Wednesday, April 19, 2006
Dataquick reported March real estate sales data yesterday, the headline somewhat casually announcing that the median price paid for a Southern California home has reached the half million dollar mark for the first time ever.
Notably, this report shows monthly mortgage payments rising briskly along with interest rates and prices - the typical monthly mortgage payment (well, not really typical - few people use conventional loans anymore) went from $2251 in February to $2383 in March.
It's not clear how this was calculated and the February sales data for Southern California, reported in March, is mysteriously missing from the DataQuick website, but it's a safe bet that this is the standard 20 percent down, 30-year fixed calculation. If so, that puts the interest rate at just under 6 percent, meaning that this month's slightly higher mortgage rates will result in another hundred dollars or so added to this typical payment in next month's report.
Homebuyers who actually used this financing would have a PITI (principle, interest, taxes, and insurance) of just over $3,000 or $36,000 per year, meaning that, in order to qualify for this loan under the 1990s guidelines of no more than 28 percent of gross income for this purpose, gross income would need to be almost $130,000, which is more than double the median household income for this area.
How times have changed.
The median prices by county are shown below - Orange and Ventura County continue to tango, while Los Angeles and San Diego battle for third most expensive county.
In a picture almost too good to be true, San Diego is (so far) pulling off the much hoped for soft landing while the other counties head inexorably toward single digit appreciation, Riverside County picking up more downward pace recently. It seems this whole process, wherever it leads, is going to take a while.
Volume rebounded smartly, though not to previous levels, Riverside County being the exception. It's funny how Riverside County has the best volume trend but the worst price trend. Well, maybe it's not funny, but it sure is interesting. If anyone from the Riverside area has an explanation for this, please share.
Here, the Riverside County year-over-year volume change is the only one that has remained positive in recent months. Rising volume, slowing appreciation - very curious.
The longer this goes on, the more it seems that Southern California is different from the rest of the country in that the buyers keep coming and high prices stay high, regardless of interest rates. As long as there is credit available, there appears to be no shortage of borrowers who take whatever terms that will secure the home loan they desire.
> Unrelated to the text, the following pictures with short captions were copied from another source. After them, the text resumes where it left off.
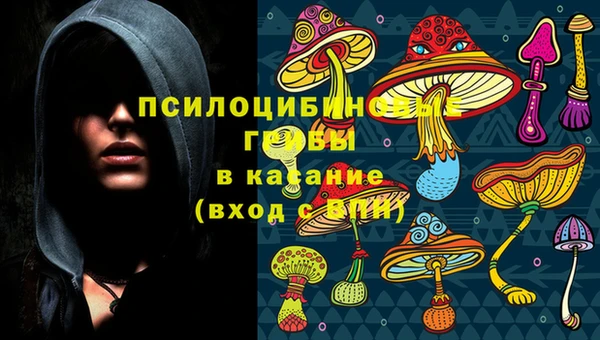 прущие грибы Болхов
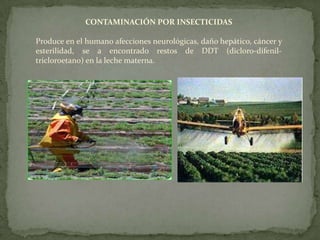 CONTAMINACIÓN POR INSECTICIDASProduce en el humano afecciones neurológicas, daño hepático, cáncer y esterilidad, se a encontrado restos de DDT (dicloro-difenil-tricloroetano) en la leche materna. 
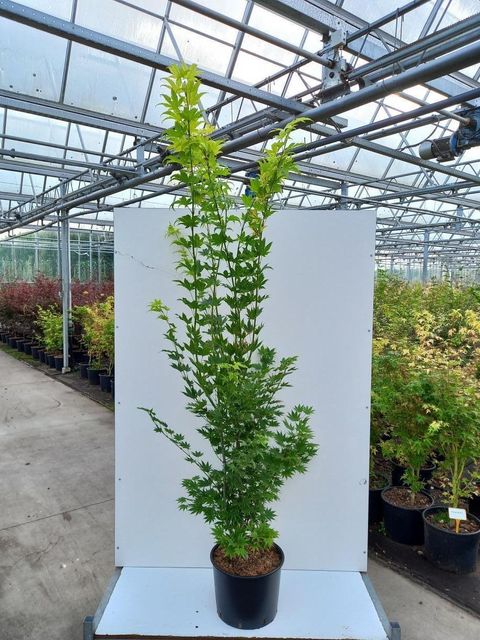 Acer shirasawanum 'Jordan'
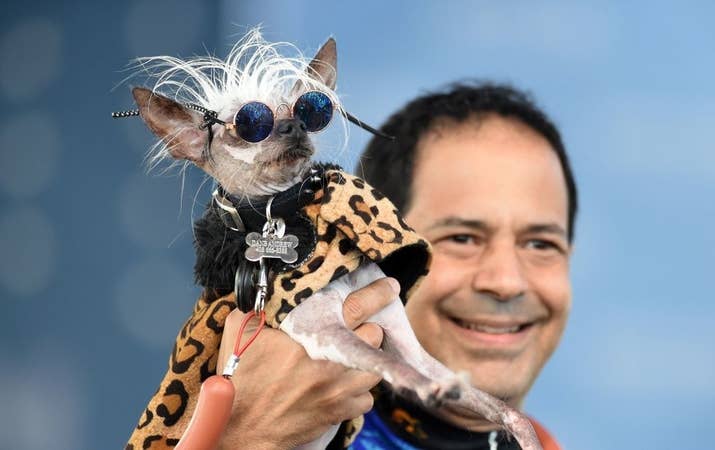 A Chinese Crested w/the perfect John Lennon sunglasses. Sorry, but your perfectly coiffed goldendoodies could NEVER.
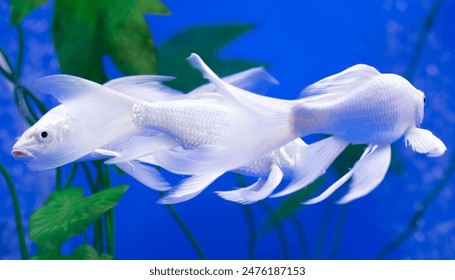 参与龙博娱乐活动:赢取丰厚奖励的最佳策略分享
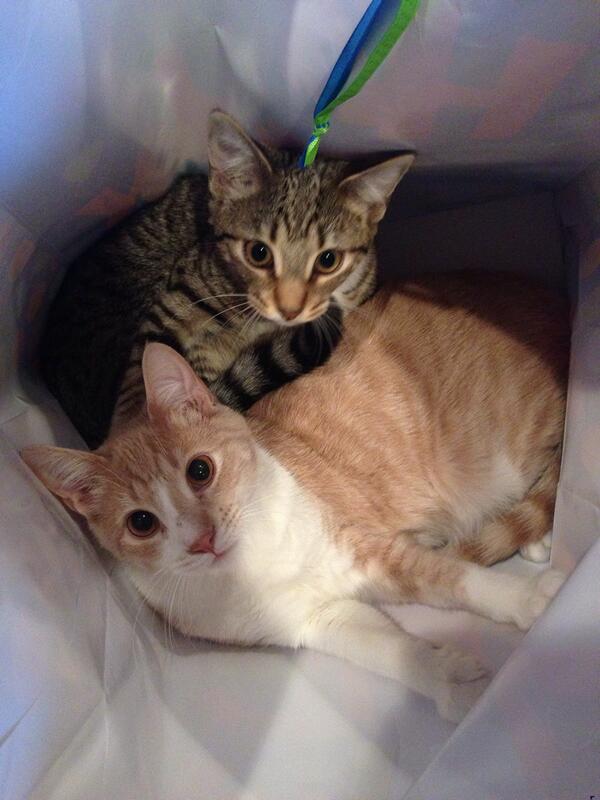 RyneGallacher's tweet photo. I got a bag of kitties #roxyheart #milo http://t.co/tvqAqpgEJO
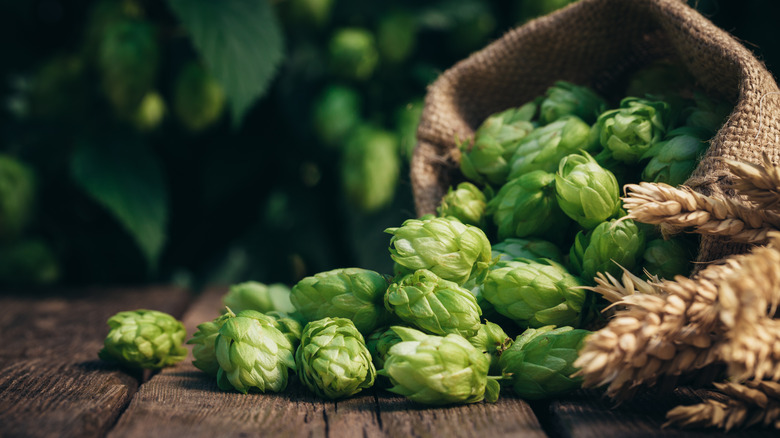 Hops and wheat on a wooden slab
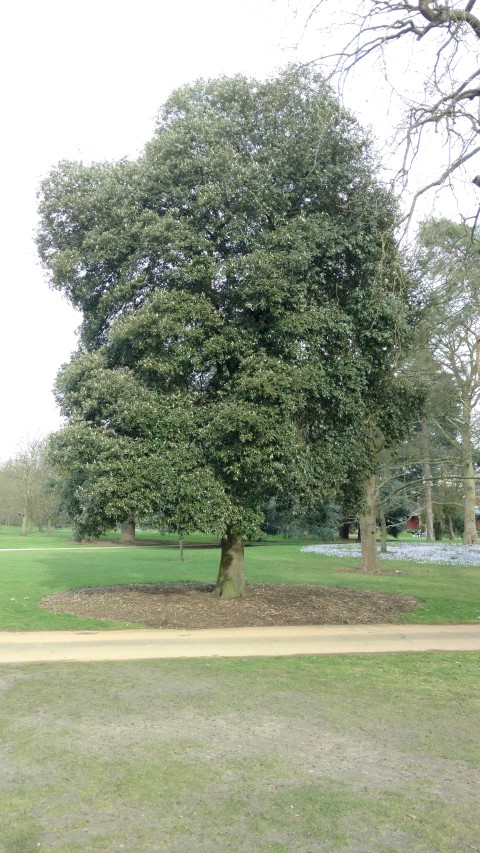 Quercus Ilex plantplacesimage20170304_150319.jpg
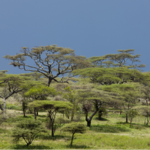 Tanzanian_Women_Turn_Waste_into_Eco_Friendly_Charcoal___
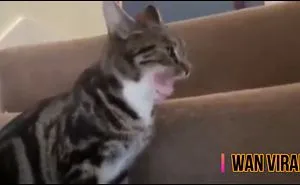 Fail Compilation June Enjoys!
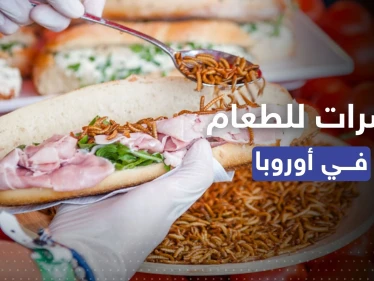 صراصير المنزل واليرقات باتت مسموحة كمصدر للغذاء في الاتحاد الأوروبي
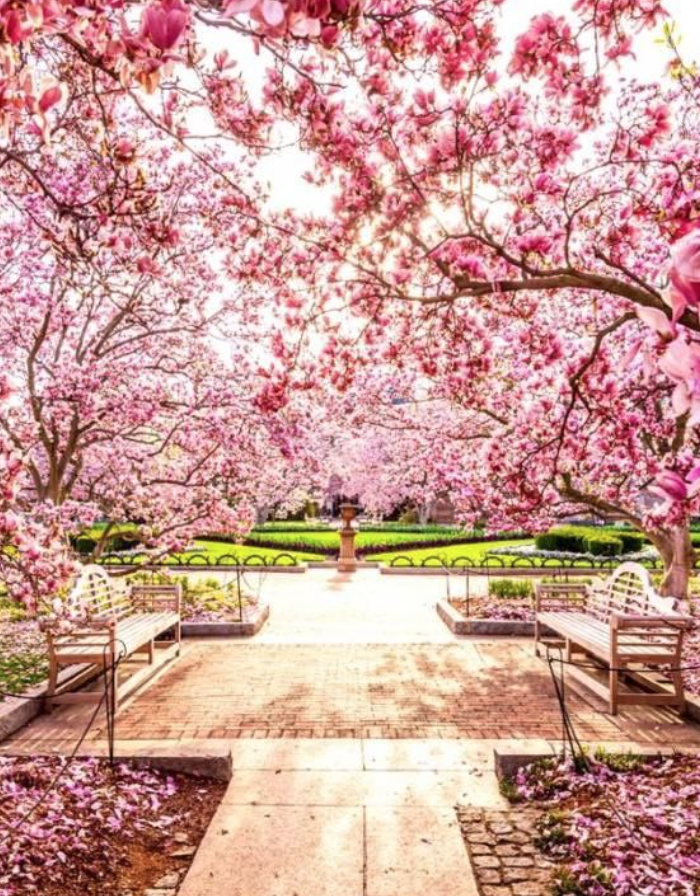 Cherry Blossom D.C.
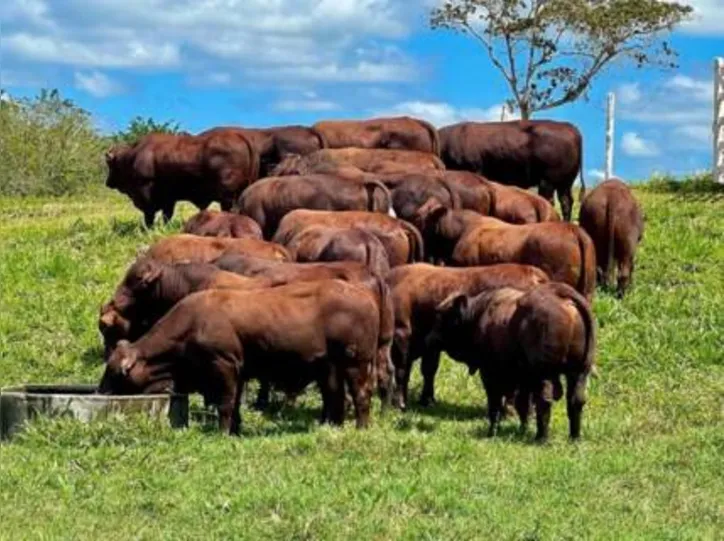 Rebanho conta com a chancela da Embrapa Geneplus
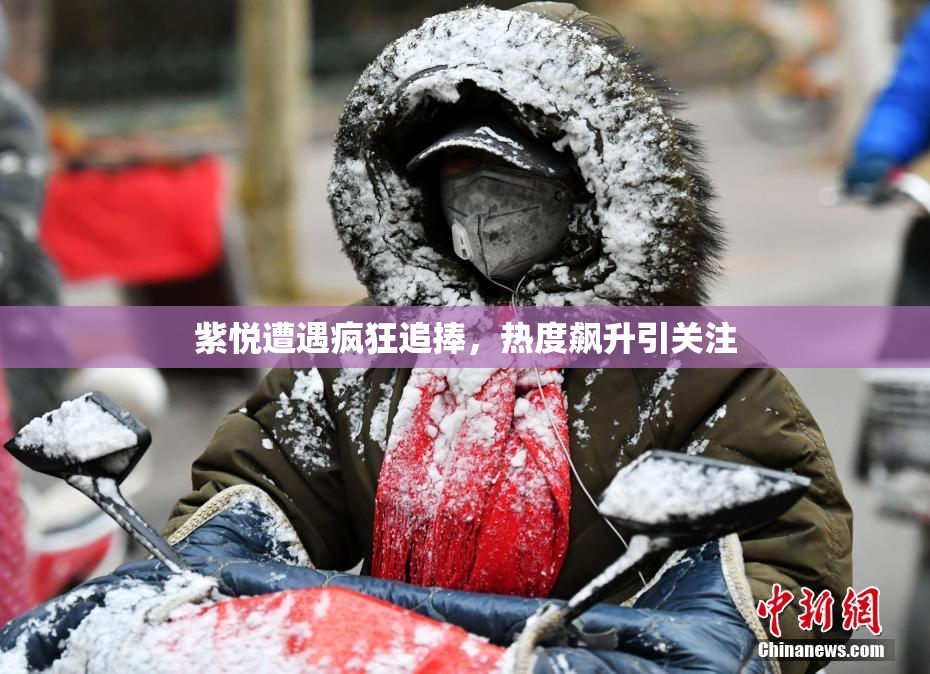 紫悦遭遇疯狂追捧，热度飙升引关注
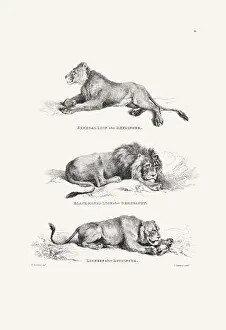 Panther Prints: Lion illustration. Plate from a vintage book of engravings by Sir Edwin Landseer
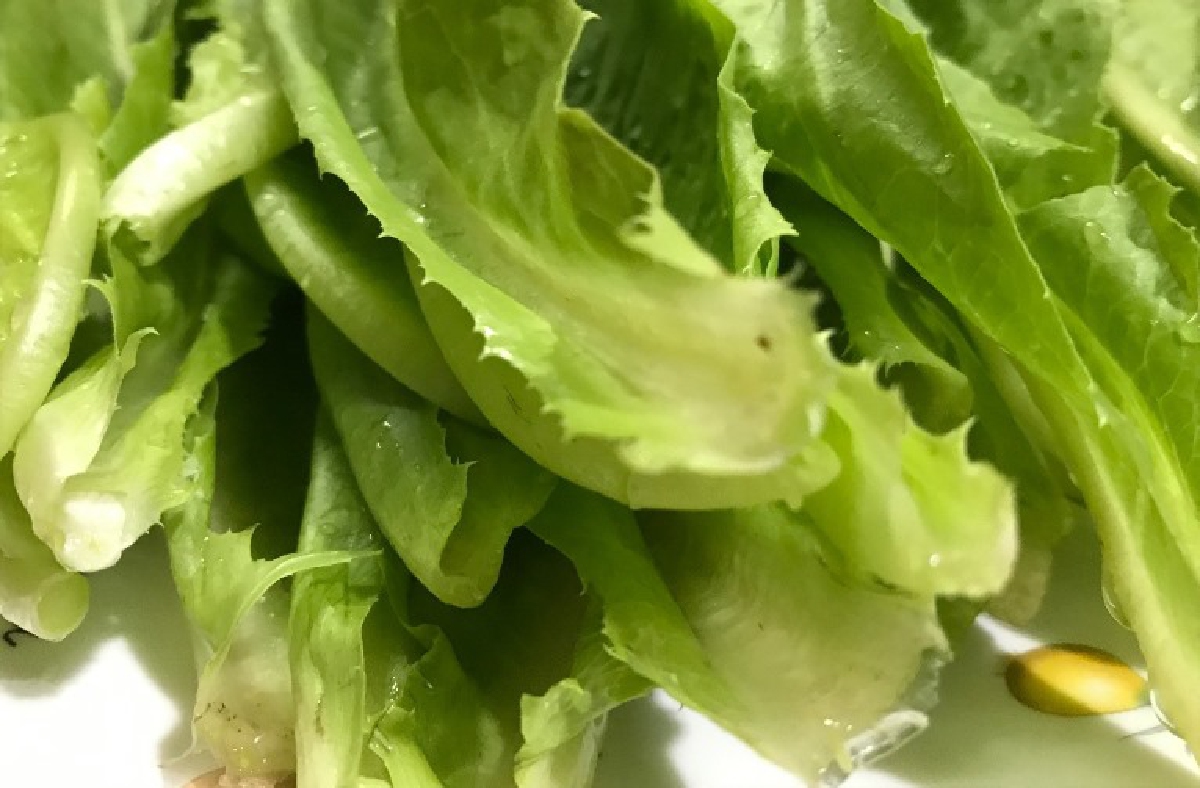 ผักสลัด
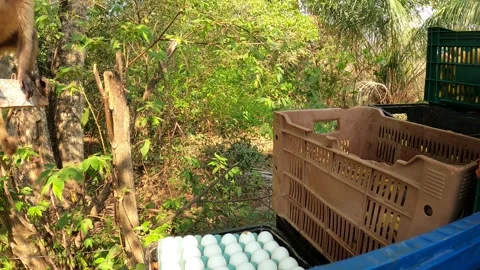 Wild capuchin monkey steals an egg from a plastic crate on a farm truck. Stock Footage 337453867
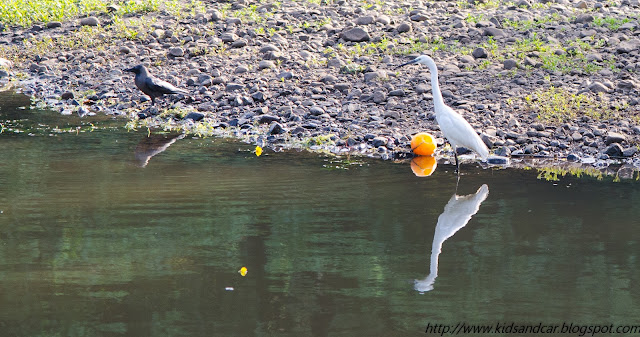A Crow and Egret birds drinking water from pond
Last October, the BusinessWeek real estate blog posted the following letter from a local attorney:
I am a lawyer and I represent illegal aliens in deportation. In all but one of 35 cases I currently have on docket the illegal owns a home. But it is the loan terms that fascinate me. One lady finished school at second grade, speaks no English, and works for a recycling company binding cardboard boxes. She makes about $30K per year and is a single mom with three children. She has a $430K interest only loan that she used last year to buy a $430K condo - 100% financing - she paid $3,000 in closing costs. I tried to explain that her monthly payments will rise substantially in four years. She does not believe me, did not understand what I said and told me the loan and real estate agents specialize in real estate and would have told her if her payments could go up. If 34 of my clients with risky loans and no school past at best eighth grade are surprised by rising loan payments, we should be afraid. This is the last group desperate lenders pander to, meaning we're near the end.You have to wonder how much this sort of thing accounts for the resiliency of the Southern California real estate market, but more importantly, what it portends for future home prices.